Turn on your CT-X9000IN metronome at 70 BPM. Clap these patterns (do not play notes yet — just clap):

  • 4 whole notes (clap on beat 1, hold 4 beats each)
  • 8 half notes (clap on beats 1 and 3)
  • 16 quarter notes (clap on every beat)
  • 32 eighth notes (clap on every “and” too)

Set the metronome to 70 BPM. Play Middle C using these rhythms:

  • Whole notes: play, hold for 4 clicks, play again
  • Half notes: play, hold for 2 clicks, play again
  • Quarter notes: play on every click
  • Eighth notes: play twice per click (“1-and-2-and-3-and-4-and”)

Clap in 4/4: “1-2-3-4, 1-2-3-4” (stress beat 1). Now switch to 3/4: “1-2-3, 1-2-3” (stress beat 1). Notice how 4/4 feels “square” and stable, while 3/4 feels like a waltz or a swing.

In 3/4 time with the metronome at 60 BPM: play Middle C and hold it for 3 beats (a dotted half note fills an entire 3/4 measure). Then play D and hold for 3 beats.

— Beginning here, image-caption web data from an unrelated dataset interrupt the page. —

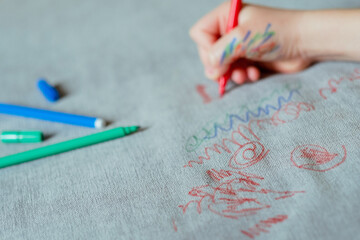 Kid freehand drawing red felt-tip pen on the upholstery of the couch. Furniture fabric. Cleaning...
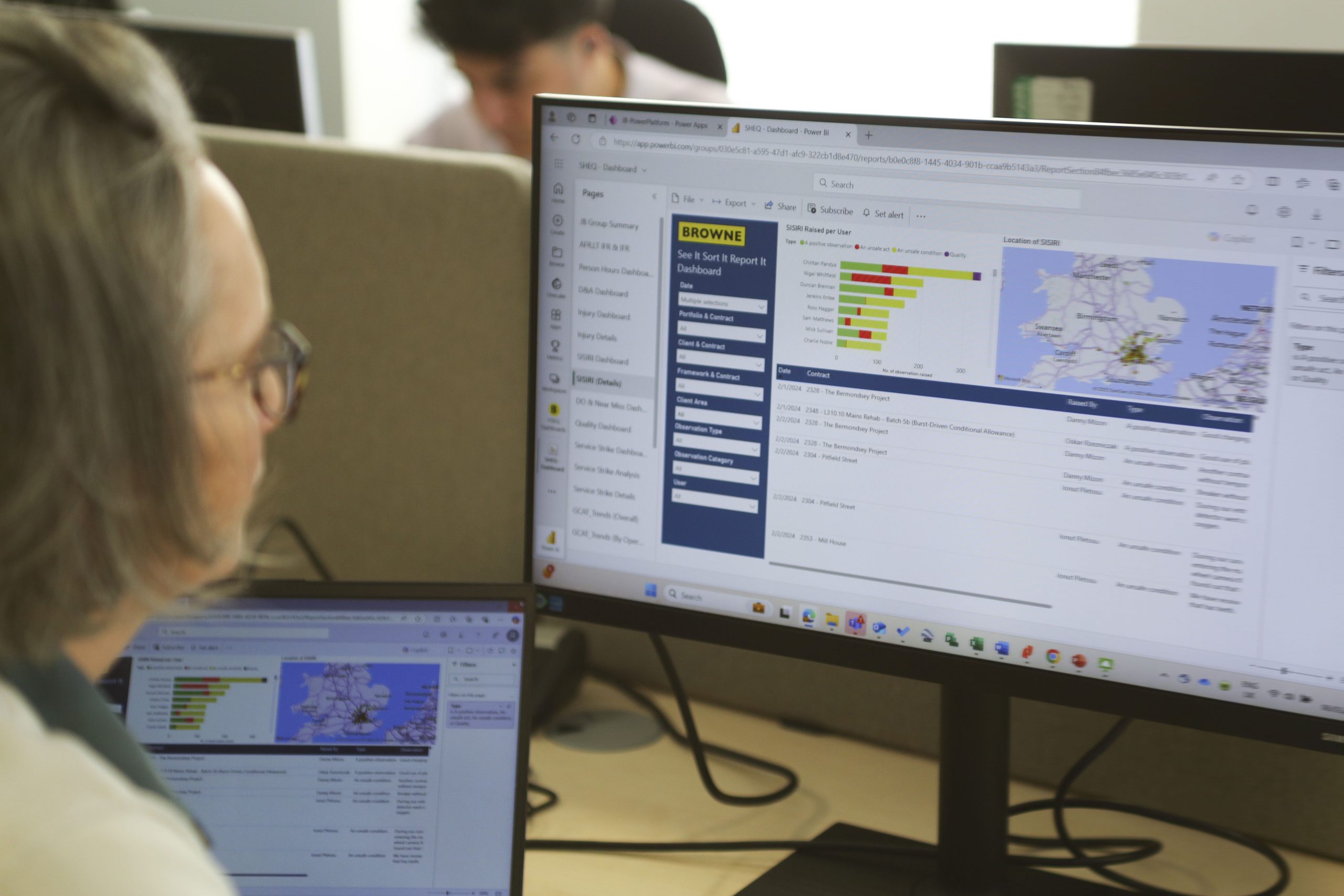 Browne Group - Person at desk viewing data charts and a map on a computer monitor, with a laptop displaying similar content.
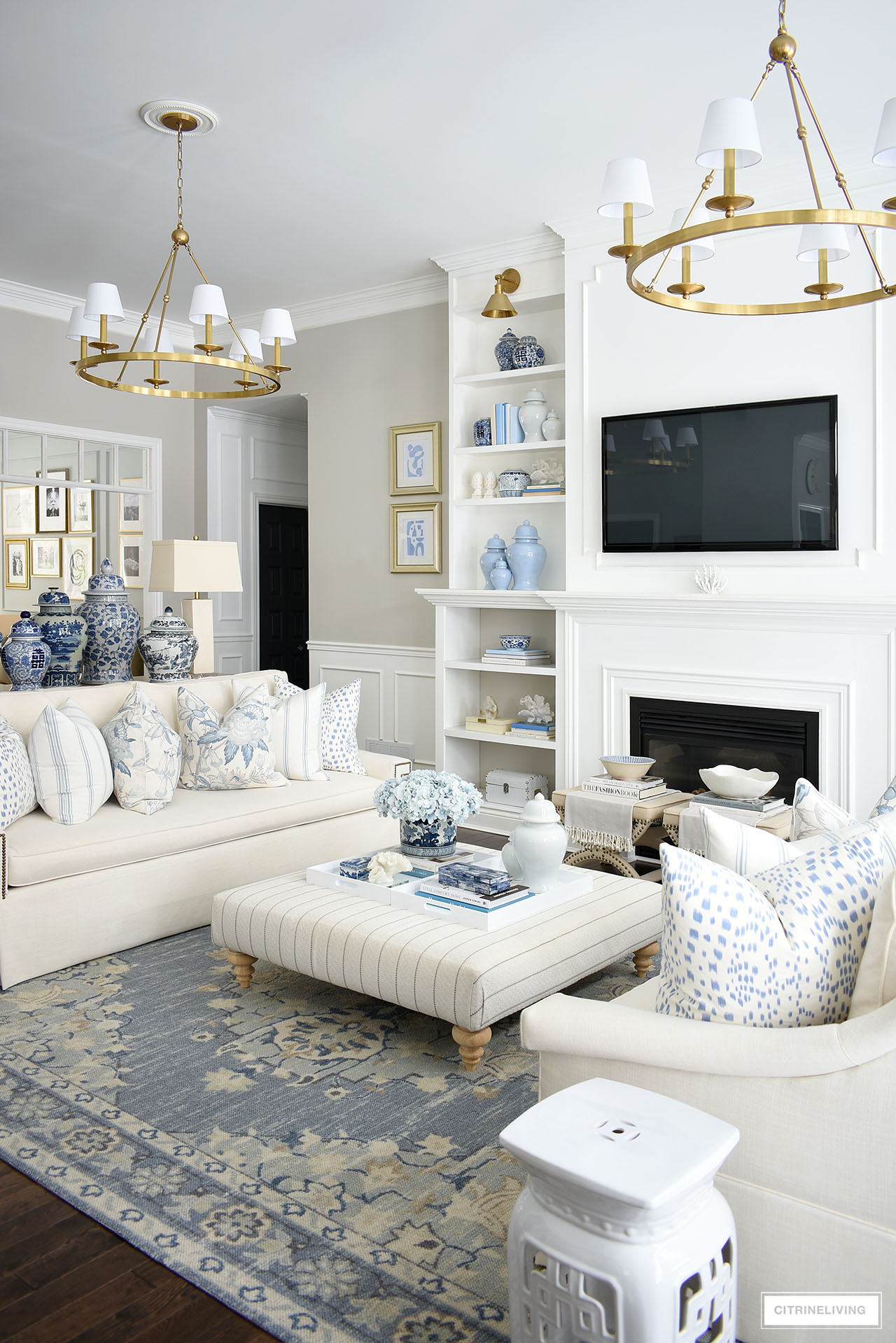 Living room spring decor with pretty blue and white pillows, rug, ginger jars and accessories.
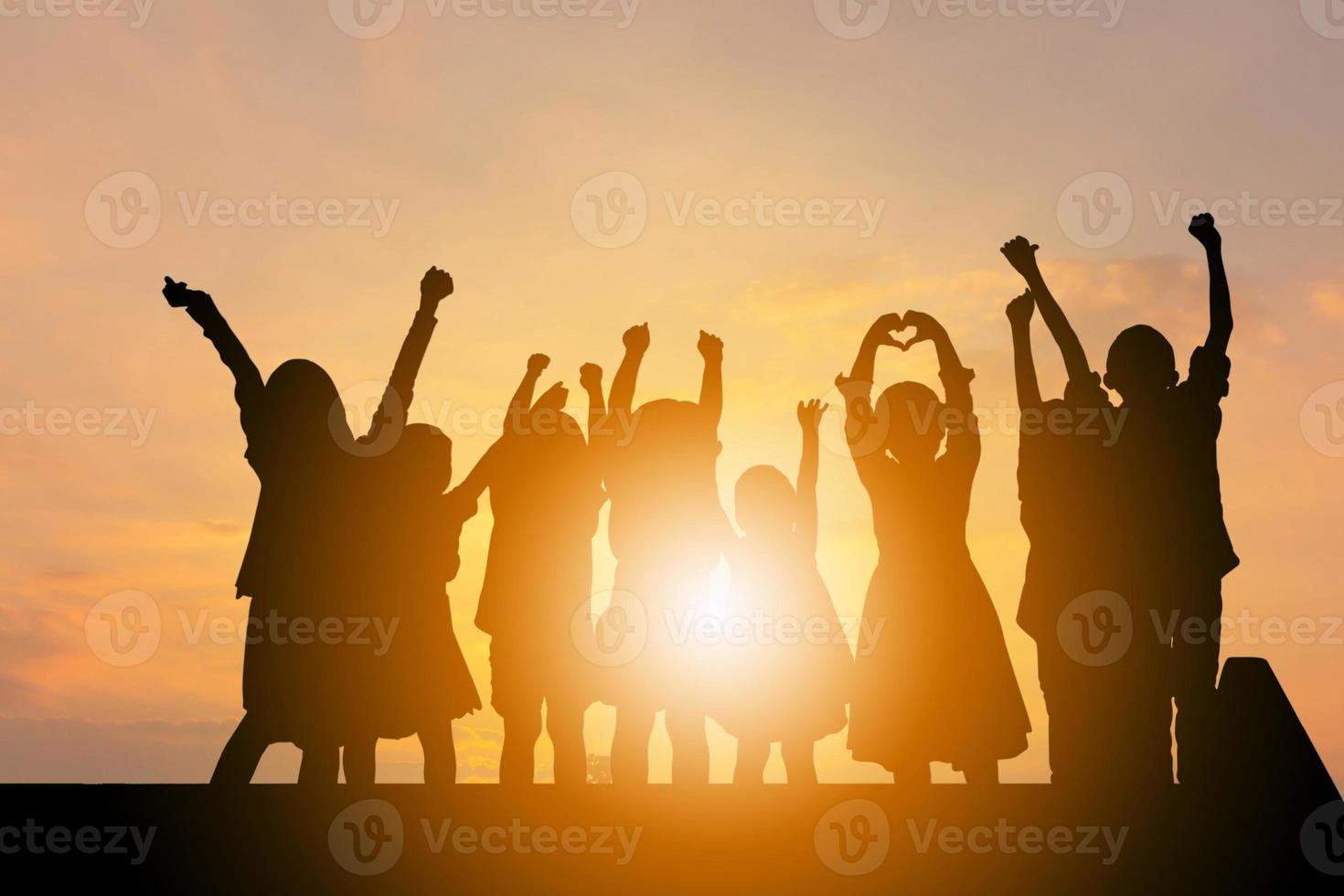 silhouet van gelukkige kinderen groep met uitknippad spelen met zonsondergang achtergrond foto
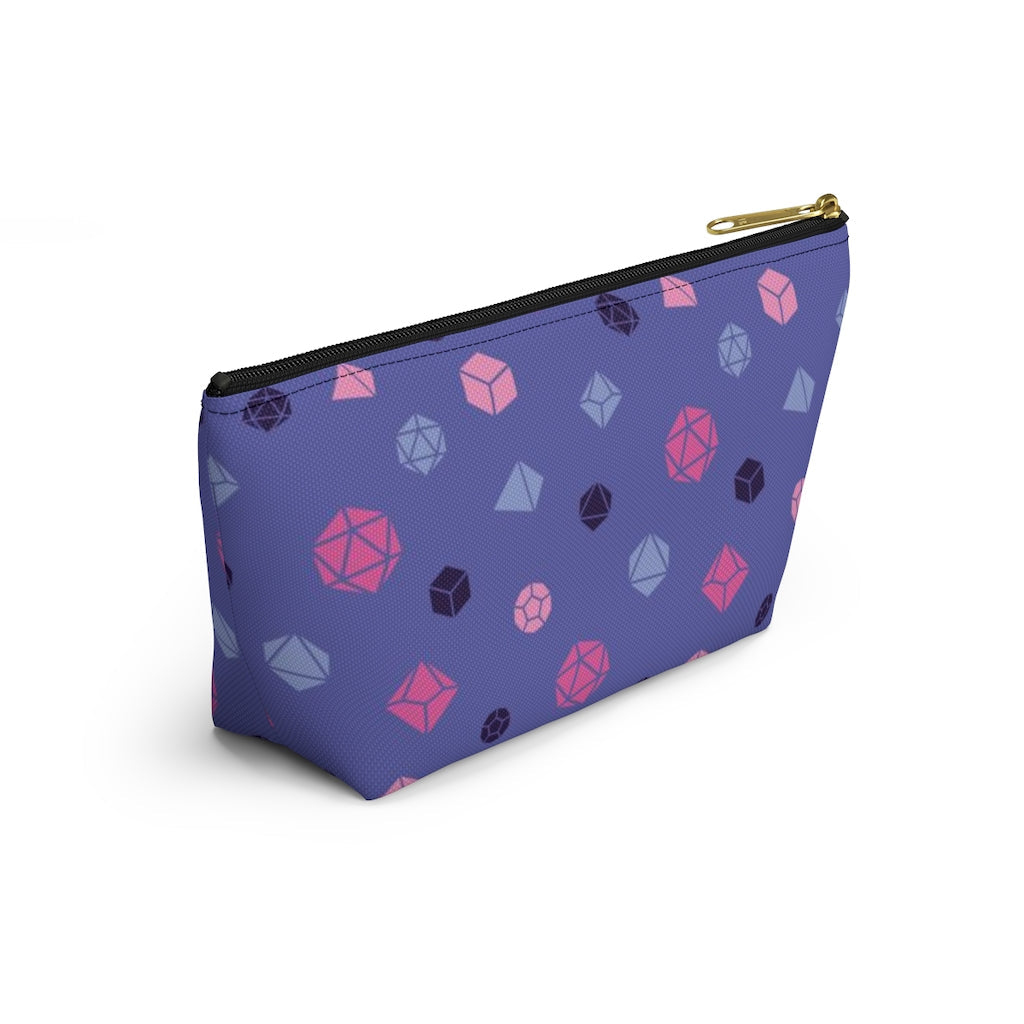 the small omnisexual dice t-bottom pouch in side view on a white background. it's blue with pink, blue, and dark purple polyhedral dice and a gold zipper pull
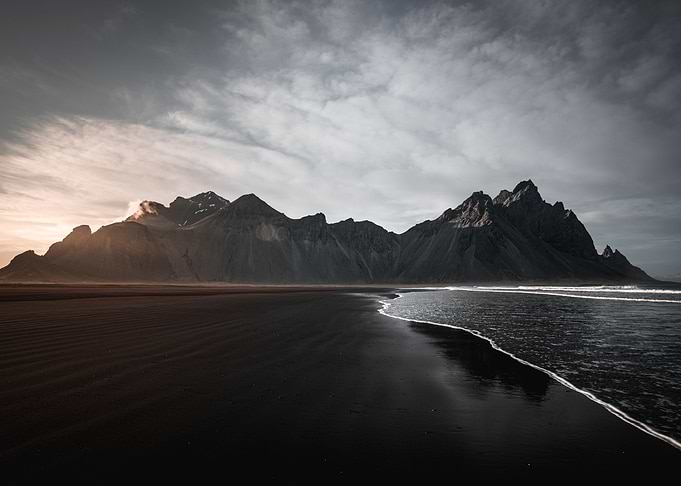 Black beach with mountains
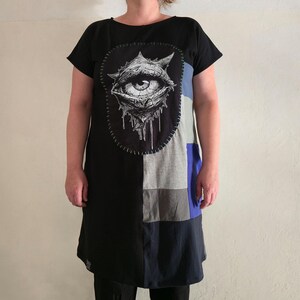 Può includere: Abito tunica nero e color block con un design grafico a occhio. L'abito a maniche corte presenta una grande grafica dettagliata dell'occhio sul davanti, con un design patchwork di pannelli neri, grigi e blu. La grafica dell'occhio è in bianco e nero.
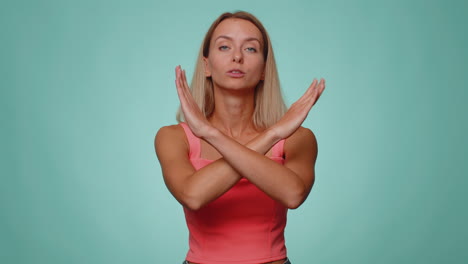 Woman-say-no-hold-palm-folded-crossed-hands-in-stop-gesture,-warning-of-finish,-prohibited-access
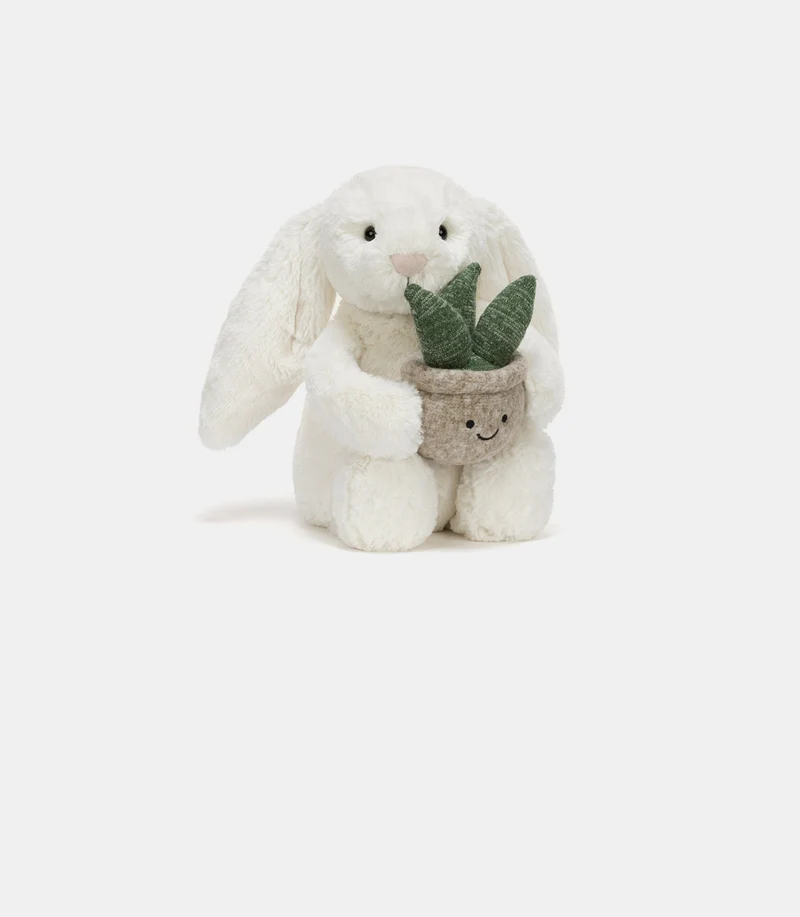 Cream bunny with plant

Then E. This helps you feel 3/4 time.

Play this simple pattern on Middle C in 4/4 time at 60 BPM:

  • Measure 1: Quarter, Quarter, Half (1, 2, 3-4)
  • Measure 2: Half, Half (1-2, 3-4)
  • Measure 3: Whole note (1-2-3-4)
  • Measure 4: 4 Quarter notes (1, 2, 3, 4)

Count out loud as you play!


  1. How many beats does a quarter note get? → Answer: 1 beat
  2. How many quarter notes fit in one whole note? → Answer: 4
  3. What does a dotted half note equal? → Answer: 3 beats (2 + 1)
  4. In 4/4 time, how many beats are in each measure? → Answer: 4
  5. What does a tie do? → Answer: It connects two notes of the same pitch so you play the first note and hold it for the combined length of both notes, without re-striking the second note.

Rhythm is the heartbeat of music. Notes have specific lengths — whole (4 beats), half (2), quarter (1), eighth (1/2), sixteenth (1/4) — and each can be extended with dots or ties. Time signatures tell you how beats are grouped into measures. The best way to learn rhythm is simple: turn on your metronome, count out loud, and clap or play along.